─── MATERIAL FOR THIS TASK ───
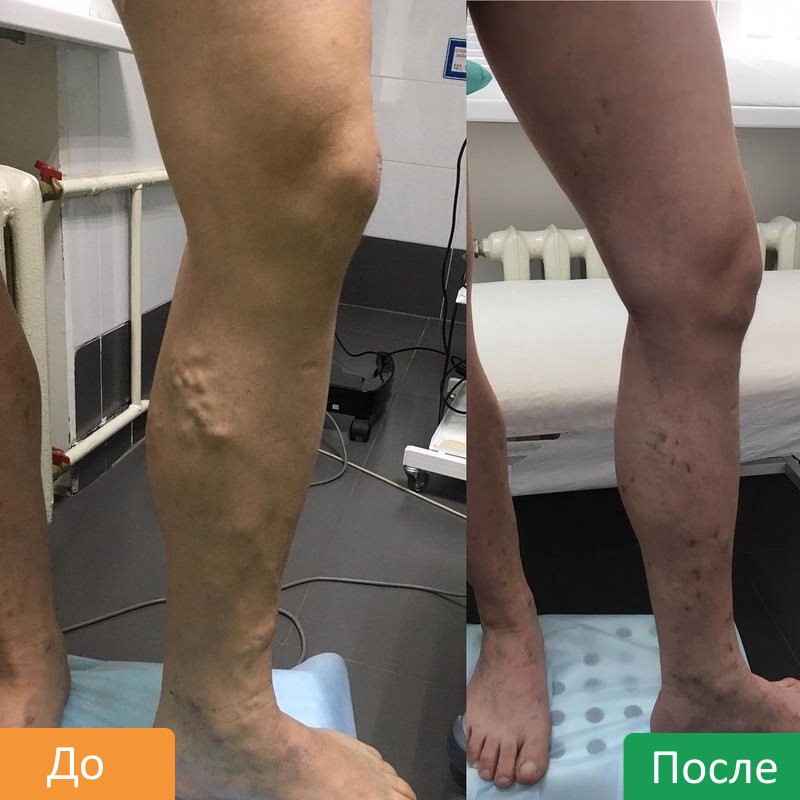RChA-ven-nizhnih-konechnostej-1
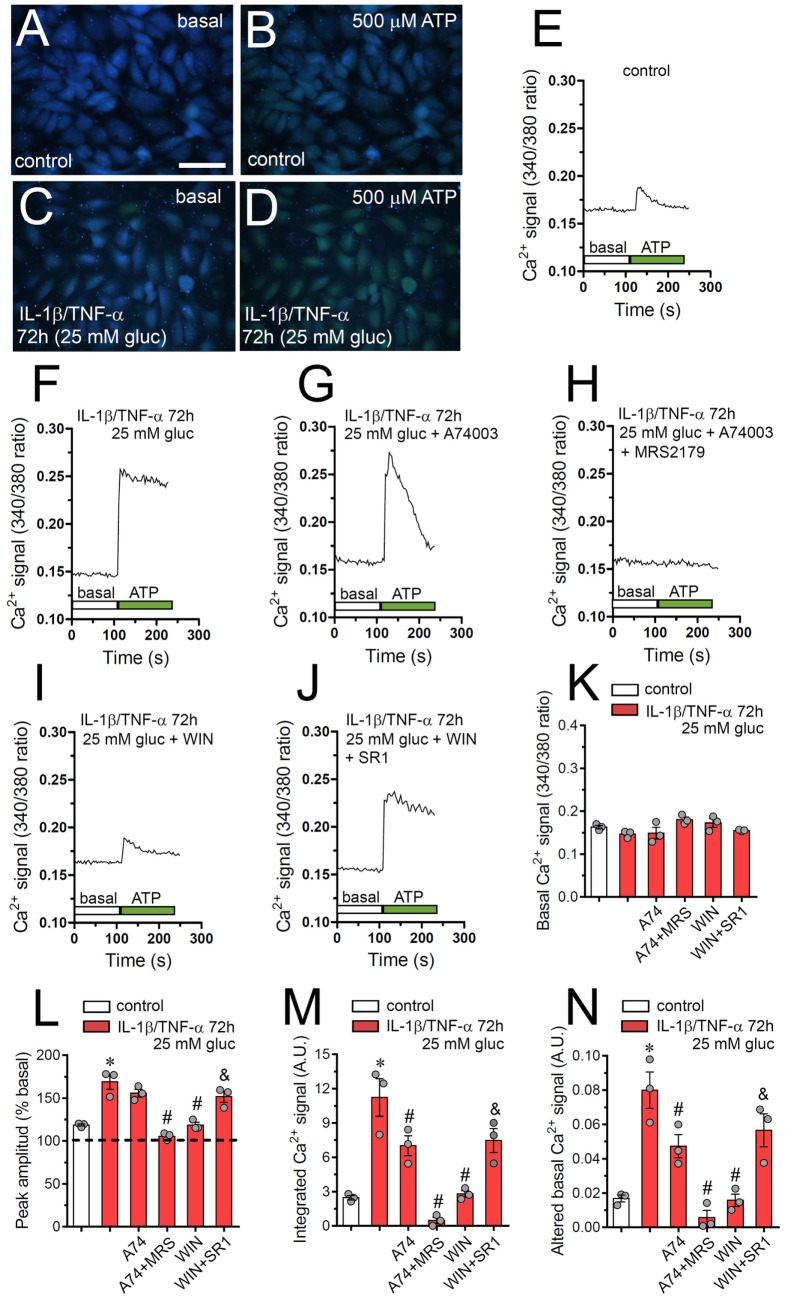 High glucose and IL-1β/TNF-α enhance ATP-dependent Ca2+ dynamics in endothelial cells: prevention by WIN. (A–D) Representative photomicrographs of basal (A,C) or 500 µM ATP-induced (B,D) Ca2+ signal denoted as Fura-2 ratio (340/380 nm excitation) of EAhy cells treated for 72 h with 5 mM glucose [control (A,B)] or 25 mM glucose and IL-1β/TNF-α (C,D). Calibration bar: 180 µm. (E–J) Representative plots of relative changes in [Ca2+]i signal over time induced by 500 µM ATP (gray vertical line) in EAhy cells treated for 72 h with 5 mM glucose [control (E)], 25 mM glucose, and IL-1β/TNF-α (F) alone or in combination with the following agents: 10 µM A740003 (G), 10 µM A740003 plus 10 µM MRS2179 (H), 5 µM, WIN (I) and 5 µM, WIN plus 5 µM SR-141716A [SR1 (J)]. (K) Averaged data of basal Fura-2 ratio by EAhy cells treated for 72 h with 5 mM glucose (control, white bar), 25 mM glucose, and IL-1β/TNF-α (red bars) alone or in combination with the following agents: 10 µM A740003 (A74), 10 µM A740003 plus 10 µM MRS2179 (A74 + MRS), 5 µM WIN (WIN) and 5 µM, WIN plus 5 µM SR-141716A (WIN + SR1). (L–N) Averaged data of ATP-induced peak amplitude normalized to basal Fura-2 ratio (L), integrated ATP-induced Fura-2 ratio response (M), and altered basal Fura-2 ratio (N) of EAhy cells treated for 72 h with 5 mM glucose (control, white bar), 25 mM glucose, and IL-1β/TNF-α (red bars) alone or in combination with the following agents: 10 µM A740003 (A74), 10 µM A740003 plus 10 µM MRS2179 (A74 + MRS), 5 µM WIN (WIN) and 5 µM, WIN plus 5 µM SR-141716A (WIN + SR1). *p < 0.05, IL-1β/TNF-α and high glucose compared to control; #p < 0.05, effect of each pharmacological agent compared to the effect induced by IL-1β/TNF-α and high glucose; &p < 0.05, effect of each cannabinoid receptor antagonist compared to the effect of the respective cannabinoid (one-way analysis of variance followed by Tukey’s post hoc test). Data were obtained from at least three independent experiments (see scatter dot plot) with four repeats each one (≥35 cells analyzed for each repeat).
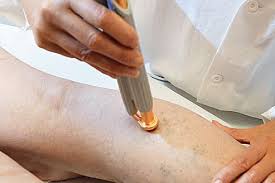 Varices des jambes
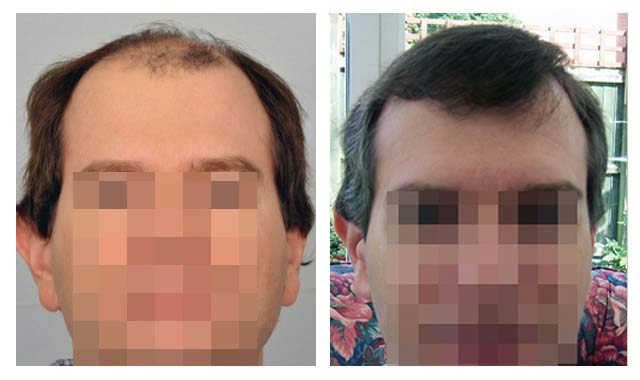 ForHair Hair Transplant Clinic | 1070 Powers Pl, Alpharetta, GA 30009, USA | Phone: (678) 566-1011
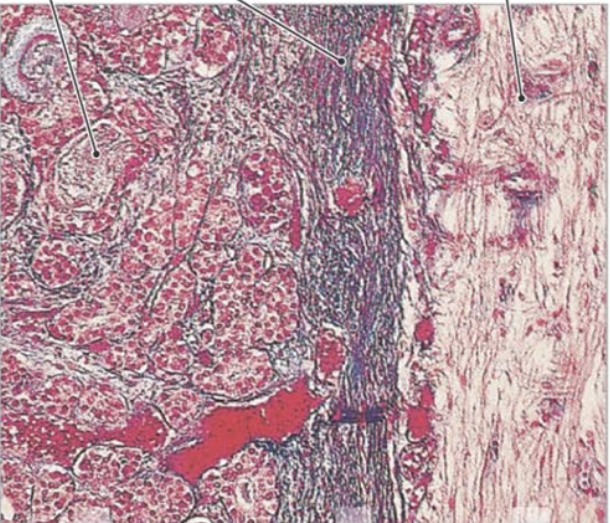 <p>lobes right to left</p>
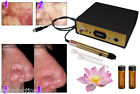 Dm-9055 Laser Capillaries Broken Machine Spider Treatment Dm9055 Professional Vein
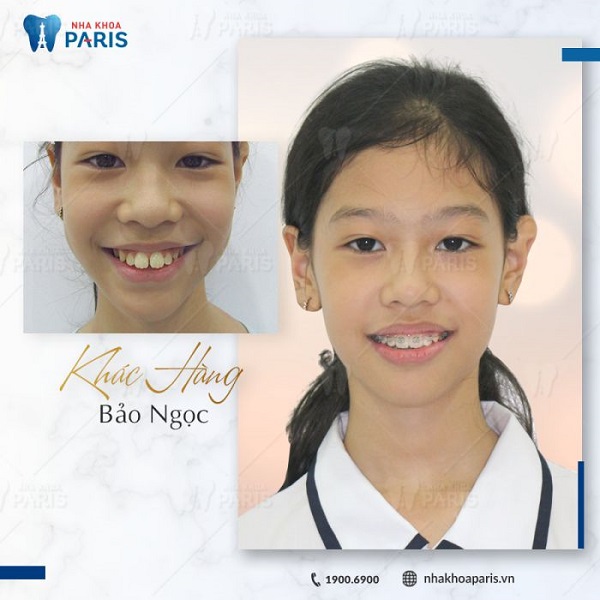 Khách hàng Bảo Ngọc sau 5 tháng sử dụng dịch vụ niềng răng trả góp Hà Nội tại Nha Khoa Paris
───
### PROBLEM TO WORK ON
Copy only this, please: the line with "<p>lobes right to left</p>" and every line after it through the end of the data, with no pictures.

### TASK RESPONSE
 <p>lobes right to left</p>
 Dm-9055 Laser Capillaries Broken Machine Spider Treatment Dm9055 Professional Vein
 Khách hàng Bảo Ngọc sau 5 tháng sử dụng dịch vụ niềng răng trả góp Hà Nội tại Nha Khoa Paris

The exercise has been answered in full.